The US Supreme Court has sided with Samsung over Apple in a legal battle over smartphone designs.

The two tech giants have been involved in a legal dispute since 2011, when Apple sued Samsung for allegedly copying the iPhone’s aesthetic design including its app icon display and its rounded edges, and its technology.

In 2012, a jury verdict found that Samsung had infringed Apple’s design patents in making the Galaxy smartphone and other competing devices and would need to pay damages, the Guardian reports.

Case went to Supreme Court to determine damages

Samsung paid $548 million (£435 million) to Apple in December 2015, but took the case to the Supreme Court.

The dispute at the Supreme Court was not over whether Samsung has infringed the designs, which was already found to be true, but over how much damages Samsung should pay.

In US law, the Patent Act says it is against the law to manufacture or sell an “article of manufacture” which copies a patented design, and the infringer is liable to compensate for “his total profit” of that product.

But there has been debate over the meaning of “article of manufacture”, and whether this refers to an entire product – the iPhone – or just particular parts of a product.

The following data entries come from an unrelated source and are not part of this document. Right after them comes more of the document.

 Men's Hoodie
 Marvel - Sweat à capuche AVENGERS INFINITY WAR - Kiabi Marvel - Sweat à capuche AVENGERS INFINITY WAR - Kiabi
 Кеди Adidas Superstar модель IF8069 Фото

Samsung copied components, not the whole iPhone

The Supreme Court has now ruled that Samsung should not have to pay $399 million of the original $548 million, on the basis that Samsung only copied certain components of the iPhone’s design, as opposed to the whole product, so should not hand over all of its profits from sales.

When the case first went to the Supreme Court in October, Samsung said that the damages the company should pay to Apple should be based on profits made from specific parts of the product which have been infringed, as opposed to the profits made from sales of Samsung’s Galaxy smartphone.

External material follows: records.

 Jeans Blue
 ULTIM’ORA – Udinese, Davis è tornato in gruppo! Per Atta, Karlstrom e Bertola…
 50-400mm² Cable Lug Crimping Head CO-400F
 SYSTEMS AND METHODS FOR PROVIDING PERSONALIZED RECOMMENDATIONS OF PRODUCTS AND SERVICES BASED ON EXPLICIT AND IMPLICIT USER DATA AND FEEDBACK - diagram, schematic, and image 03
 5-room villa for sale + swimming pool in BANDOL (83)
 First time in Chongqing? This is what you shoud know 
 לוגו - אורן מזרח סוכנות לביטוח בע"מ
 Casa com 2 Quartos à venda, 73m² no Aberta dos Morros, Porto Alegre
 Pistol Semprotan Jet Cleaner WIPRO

“Discourages competition and consumer choice”

Samsung released a statement ahead of the hearing, which said that to interpret design patent law in this way “discouraged competition, innovation and consumer choice.” Apple countered that Samsung had not presented enough evidence to support its arguments, and that the iPhone has a distinctive look which has contributed to its success.

The case will now return to a lower court to determine how much Samsung should pay Apple in total.

The legal battle between Samsung and Apple is the first design patent case to reach the US supreme court in more than 120 years.

The case is available to view here.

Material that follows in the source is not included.